Panglima Abio adalah gambar hidup ayahku

PERTAMA

Seperti ingin segera mengungkapkan rindu, aku bersama teman-teman segera menempuh perjalan panjang untuk menuju ke rumah Panglima Abio.

Panglima Abio adalah seorang pejuang di Kalimantan Barat. Ia memiliki keberanian yang sangat luar biasa pada saat perang pada masa konfrontasi dengan Malaysia dan saat Indonesia menghadapi Parako (Partai Komunis China di perbatasan Serawak). Panglima Abio bertugas di sekitar Entikong sampai Suruh Tembawang.

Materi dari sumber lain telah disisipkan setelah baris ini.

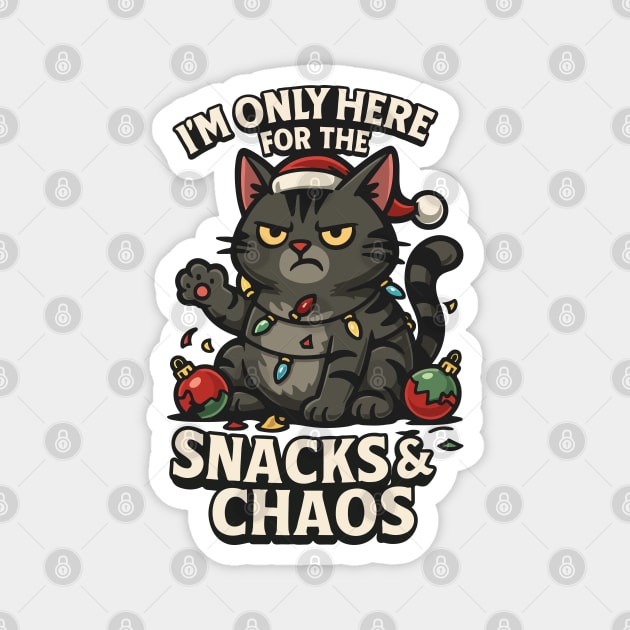 I’m Only Here for the Snacks & Chaos Magnet by Urbanprint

Sebagai veteran, rupanya tak lagi mendapat pensiun.

Namun, sebagai ”pahlawan”, sebagai teladan yang sejak muda mengobarkan nasionalisme, keadaan sepahit apapun dalam kenyataan hidup, ia tak pernah mengeluh. Bekas Kepala Desa Punti Tapou—saat ia muda—itu tak mengeluh untuk dirinya sendiri. ”Buat apa meminta. Rasanya Ema (Kakek) malu,” katanya. Ia selalu tertawa menghadapi kesulitan apapun, dengan wajahnya yang selalu memerah dipenuhi kebahagiaan.

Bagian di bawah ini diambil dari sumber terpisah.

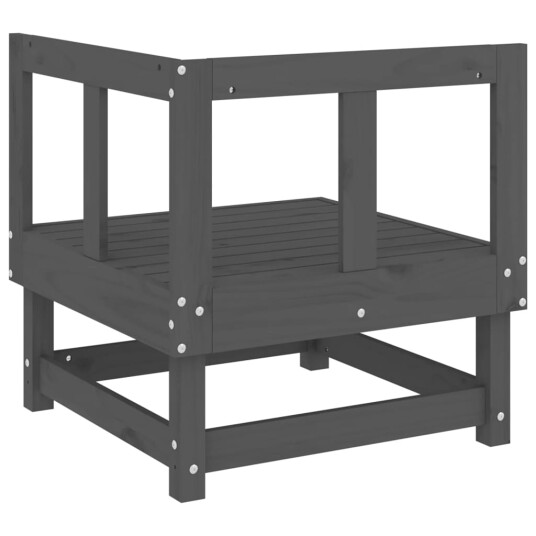  Utendørs hjørnesofa grå heltre furu 825368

Desa Punti Tapao, Kecamatan Entikong, Kalimantan Barat, dimana Panglima Abio tinggal, adalah sebuah kampung yang dipenuhi babi, anjing, dan ayam yang berkeliaran di jalan-jalan, dengan prasarana desa yang jauh di bawah standar. Menuju ke sana, hanya bisa ditempuh dengan jalan kaki turun-naik gunung terjal, melewati jembatan yang hampir runtuh.

Saat bertemu dengannya, aku hampir menangis. Wajah dan senyumnya, mengingatkan seorang lelaki yang telah meninggal sepuluh tahun lalu, tanpa sepengetahuanku. Ayahku.